BASINGSTOKE, ENGLAND: New findings from Juniper Research have revealed that global smart wearable device shipments will more than quadruple by 2017, reaching 116 million units, compared to an estimated 27 million this year. However, this still suggests that less than 5 percent of smartphones will be used with such wearables by this time.
The extensive new report - Smart Wearables: Fitness, Glasses, Watches, Multimedia, Clothing, Jewellery, Healthcare & Enterprise 2014-2019 - asserts that with technological barriers coming down, larger players in the market are moving beyond devices to produce operating systems and databanks to manage the information generated by wearables. Recent examples include Google's Android Wear, Qualcomm's 2net and Samsung's Digital Health Initiative.
This will bring an explosion of devices into an already crowded market, as smaller companies focus on producing quality hardware without needing software expertise. As a result, the segment will be less open to truly unique innovations, with software platforms dictating capability. Consequently, independent wearables will remain rare, as manufacturers continue to build their software around a companion smartphone to encourage a dual revenue stream.
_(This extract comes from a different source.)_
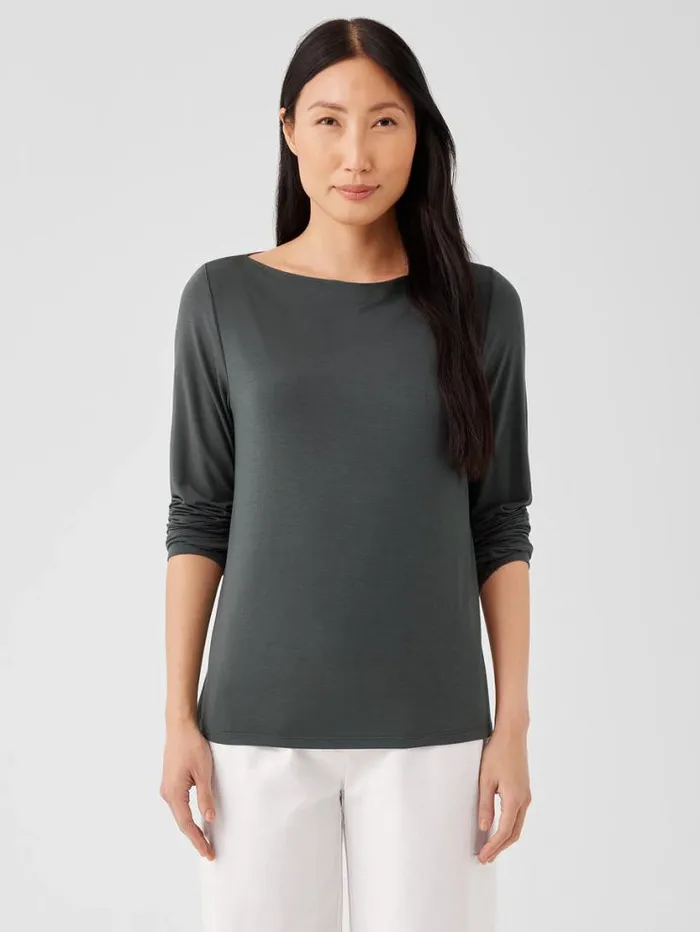 Eileen Fisher Tops and Tees Fine Jersey Cowl Neck Top Grove 8211 Shop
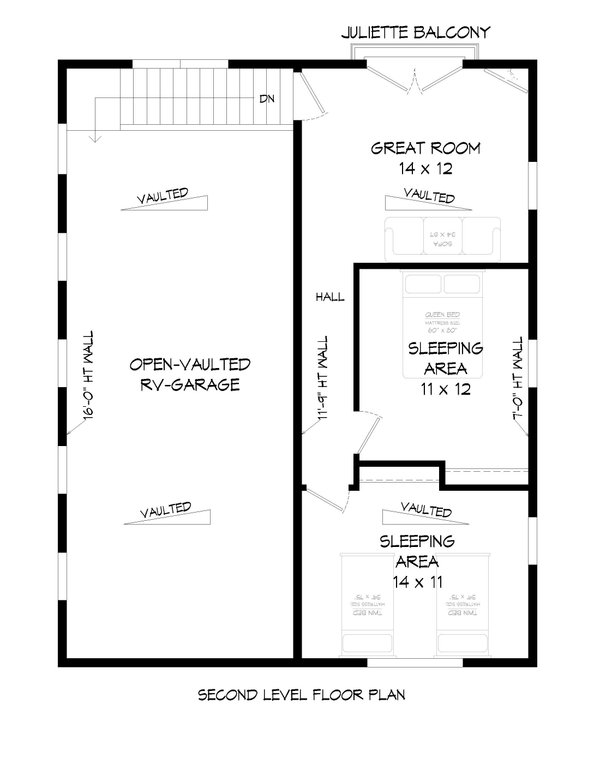 House Blueprint - Traditional Floor Plan - Upper Floor Plan #932-722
Juniper anticipates that increasingly capable smart watches will incorporate multiple sensors, negating the need for separate devices to measure health and fitness biometrics.
The report argues that, this will cut both ways, as several fitness devices such as the Samsung Gear Fit and Razer Nabu offer notification services in addition to activity tracking, assimilating smart watch capabilities. Consequently, we believe that it will take until 2017 for more smart watches to be used than fitness wearables.
Other key findings include:
* More advanced wearable technologies will be developed first for enterprise and healthcare applications, as these segments have clear use cases that technology can solve.
* Smart wearable device revenues will reach over $53 billion in 2019.